======== DATA PROVIDED
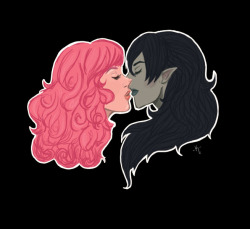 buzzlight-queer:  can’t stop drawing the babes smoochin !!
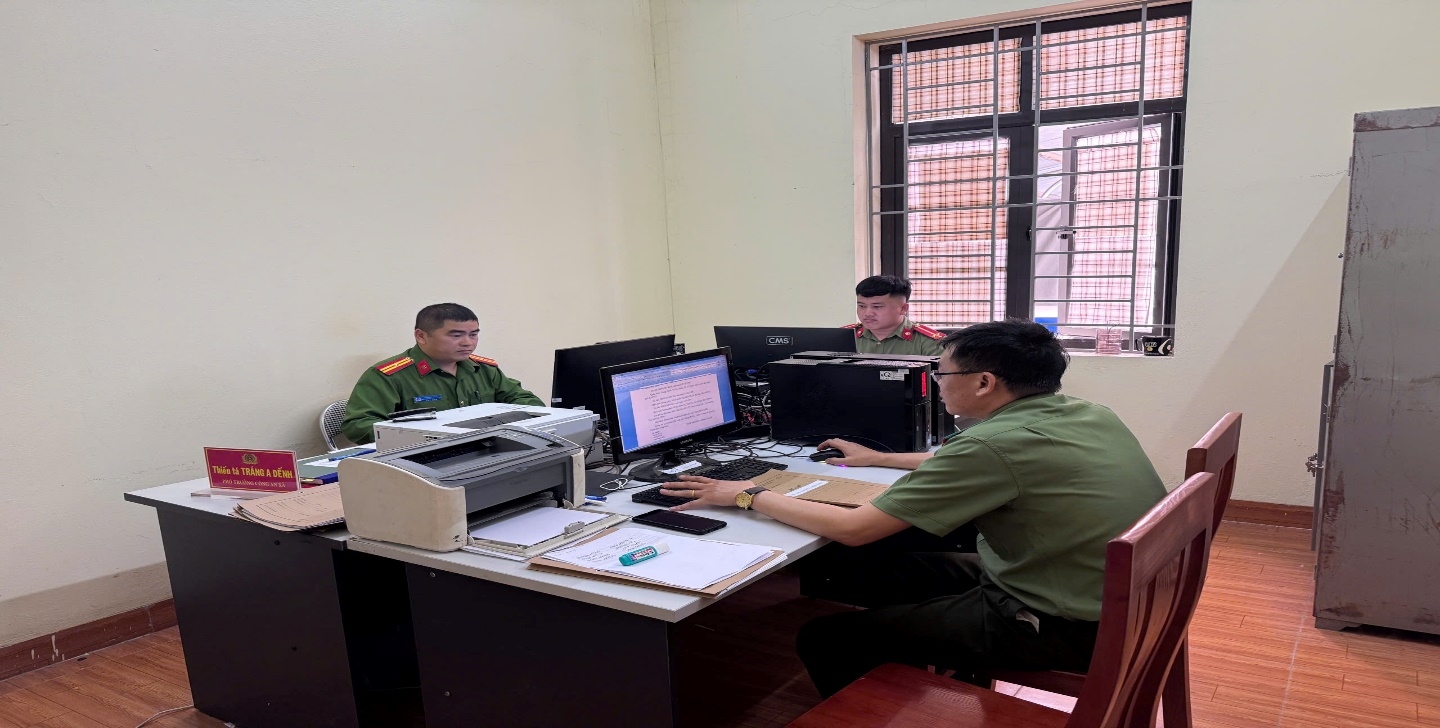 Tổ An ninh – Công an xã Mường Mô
================
======== DATA PROVIDED
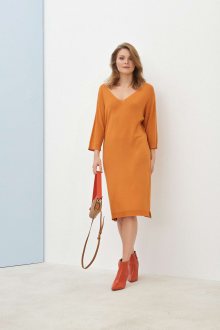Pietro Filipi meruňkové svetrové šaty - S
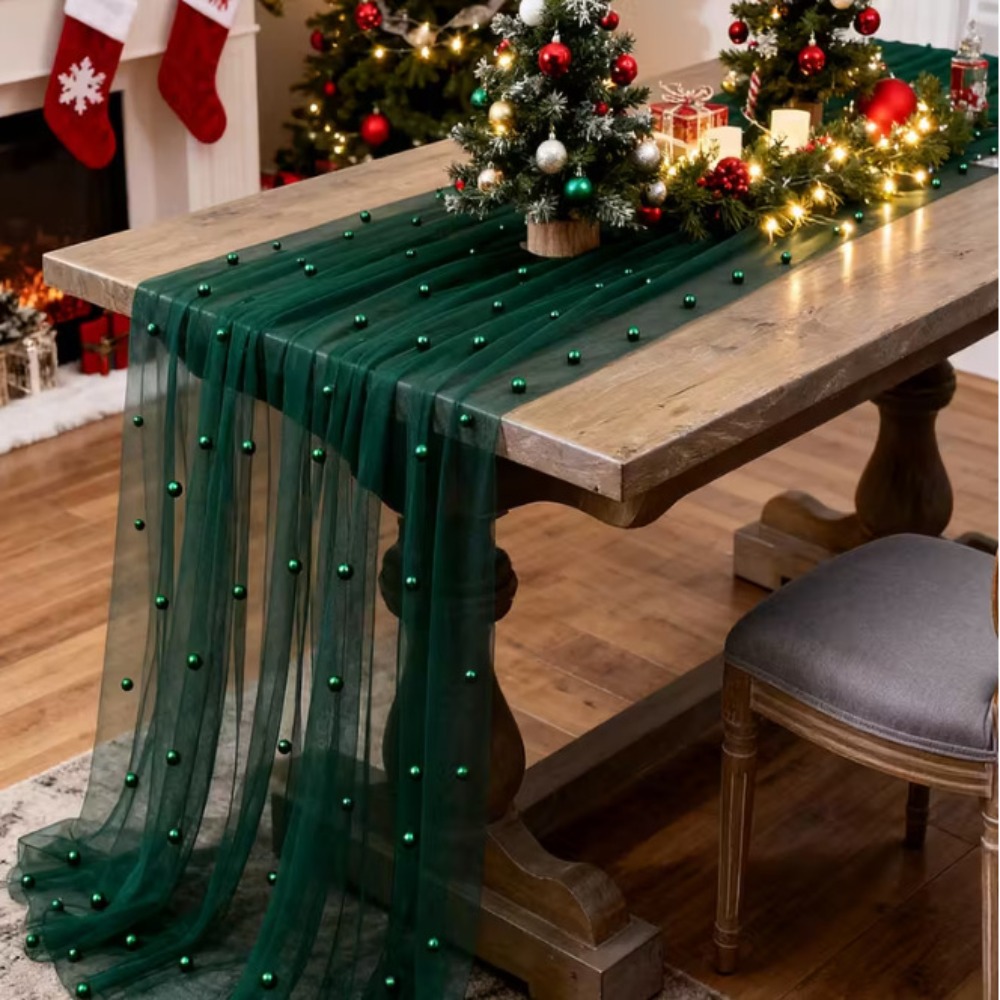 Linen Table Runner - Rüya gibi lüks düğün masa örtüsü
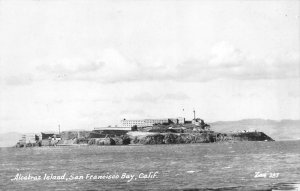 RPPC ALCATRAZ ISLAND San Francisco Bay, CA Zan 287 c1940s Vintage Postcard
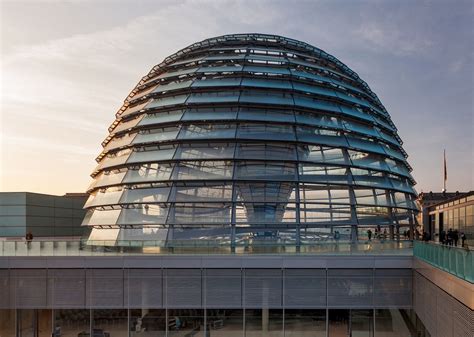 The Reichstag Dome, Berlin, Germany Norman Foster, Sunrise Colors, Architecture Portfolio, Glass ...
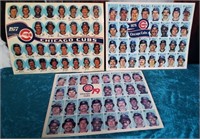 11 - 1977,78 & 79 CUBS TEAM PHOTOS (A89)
================
======== DATA PROVIDED
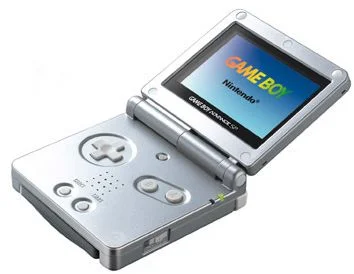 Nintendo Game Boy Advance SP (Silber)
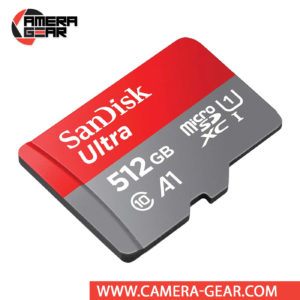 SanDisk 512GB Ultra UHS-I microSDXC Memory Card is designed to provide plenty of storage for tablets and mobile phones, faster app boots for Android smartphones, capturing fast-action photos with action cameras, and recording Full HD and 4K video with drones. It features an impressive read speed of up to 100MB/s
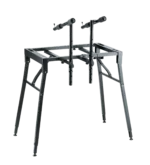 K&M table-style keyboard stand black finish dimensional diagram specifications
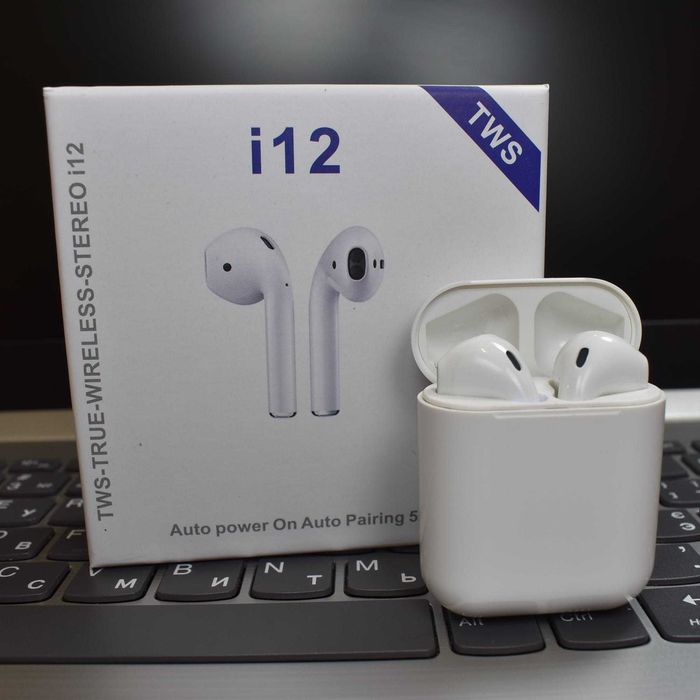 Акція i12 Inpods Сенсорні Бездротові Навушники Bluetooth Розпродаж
================
» WORK REQUIRED: A clean copy is needed of the lines in the listing above from the one with "Nintendo Game Boy Advance SP (Silber)" through the one with "K&M table-style keyboard", exact in every word and free of pictures.

» RESULT OF THE TASK:
 Nintendo Game Boy Advance SP (Silber)
 SanDisk 512GB Ultra UHS-I microSDXC Memory Card is designed to provide plenty of storage for tablets and mobile phones, faster app boots for Android smartphones, capturing fast-action photos with action cameras, and recording Full HD and 4K video with drones. It features an impressive read speed of up to 100MB/s
 K&M table-style keyboard stand black finish dimensional diagram specifications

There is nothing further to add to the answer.